3. Rules, Conditions & Rewards¶
This is the chapter that turns JaffarPlus from "explores states" into "solves your problem". The engine keeps a frontier of states and expands the most promising ones first; you define what "promising" means through a reward, and what counts as winning, failing, or worth checkpointing through rules. Get this right and a search that would never terminate becomes one that finds an optimal solution in seconds.
The figures in this chapter are schematic diagrams of the bundled GridWalker puzzle (
docs/examples/gridwalker.jaffar): a cursor that moves Up/Down/ Left/Right on a 5×5 grid, starting at the top-left(0,0)and trying to reach the bottom-right(4,4). It runs on the ROM-free test core, so every rule and reward shown here is something you can run and reproduce yourself (see Getting Started).
- The mental model
- Properties: naming game memory
- Conditions
- Rules
- Core actions
- The GridWalker rule set
- Reward shaping (and magnets)
- Checkpoints and tolerance
- Frame-skip
- Design recipes
The mental model¶
Every state the engine reaches has a single reward value (a float). The search keeps a frontier
of states and expands the highest-reward ones first. So:
- Reward is a compass, not a score. Its absolute value is irrelevant; only the ordering it induces matters. A state with higher reward gets explored sooner.
- Reward has two sources. Discrete bumps from rule actions (
Add Reward), and any continuous gradient the game computes (for GridWalker, "closer to the goal is better"). The two are summed. - Rules also gate the search. A rule can mark a state as a win (a solution), a fail (pruned, never expanded), or a checkpoint (a milestone).
A search succeeds when a state triggers a Trigger Win.
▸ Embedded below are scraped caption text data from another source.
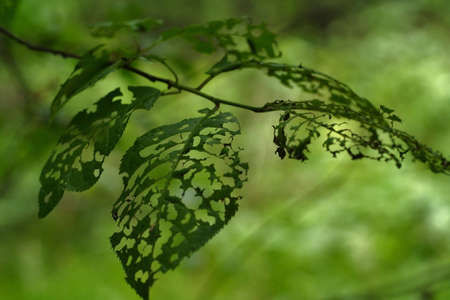 Green tree leaves with holes eaten by insects.の写真素材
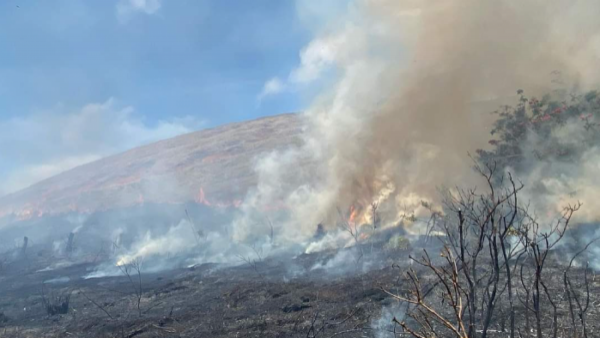 Declaran Alerta Roja para Isla de Pascua por incendio forestal
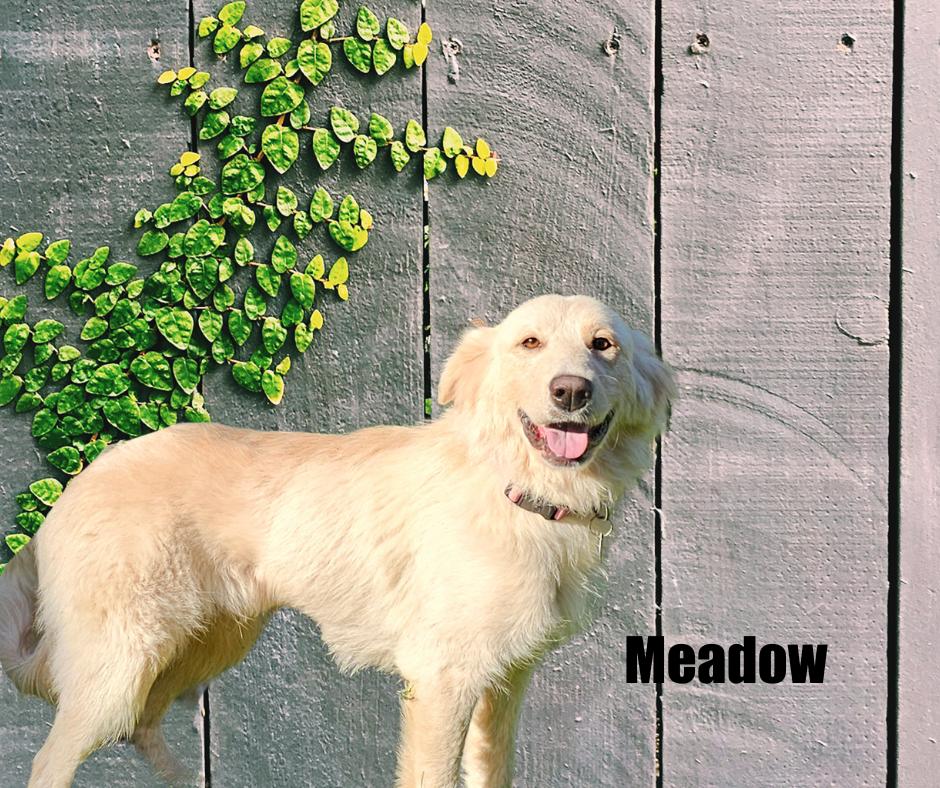 Enlarge Carmela and Meadow, a Adoptable mixed breed in Marshville, NC image 2/5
It is your reward design that makes the
engine walk toward that win instead of wandering the entire state space.
Properties: naming game memory¶
A property is a named, typed view into the game's memory. GridWalker exposes five
(source: games/test/gridWalker.hpp):
| Property | Meaning |
|---|---|
Pos X, Pos Y |
The cursor's column and row — the only things that distinguish one state from another. |
Distance |
Manhattan distance from the cursor to the goal (a derived value). |
Steps |
How many moves have been made. |
Goal Reached |
Whether the cursor is on the goal cell. |
Properties are registered by the game's C++ code (not the config); the config refers to them by name in three places:
Game Configuration>Hash Properties— which properties define a state's identity. GridWalker hashesPos XandPos Y, so two routes that reach the same cell are treated as the same state.Game Configuration>Print Properties— which to show in status output.- Inside conditions — to test a value.
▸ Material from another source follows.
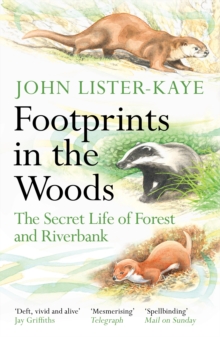 Image for Footprints in the Woods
To list a game's properties, read its header under games/ or see
Adding a Game. Datatypes (UINT8…FLOAT64, BOOL) and endianness are in the
Configuration Reference.
Conditions¶
A condition is a single comparison: a property, an operator, and a value.
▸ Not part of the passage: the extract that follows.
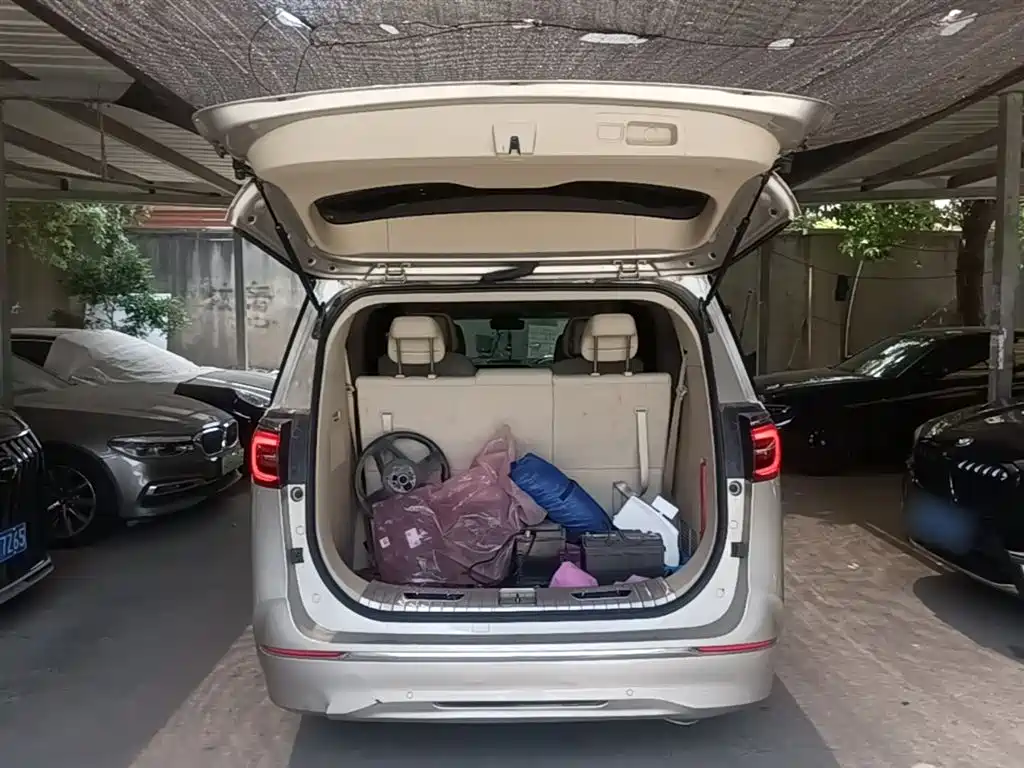 Buick GL8 2022 ES Landmark 653T Premium фото 19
{ "Property": "Pos X", "Op": "==", "Value": 4 }
Property— the left operand (a registered property name).Op— one of==,!=,>,>=,<,<=,%0,%N,BitTrue,BitFalse.%0/%N: property moduloValueis zero / non-zero.BitTrue/BitFalse: the bit at indexValueis set / clear.Value— the right operand. A number or boolean is an immediate value; a string is treated as another property name, so you can compare two properties (e.g.Pos XagainstPos Y).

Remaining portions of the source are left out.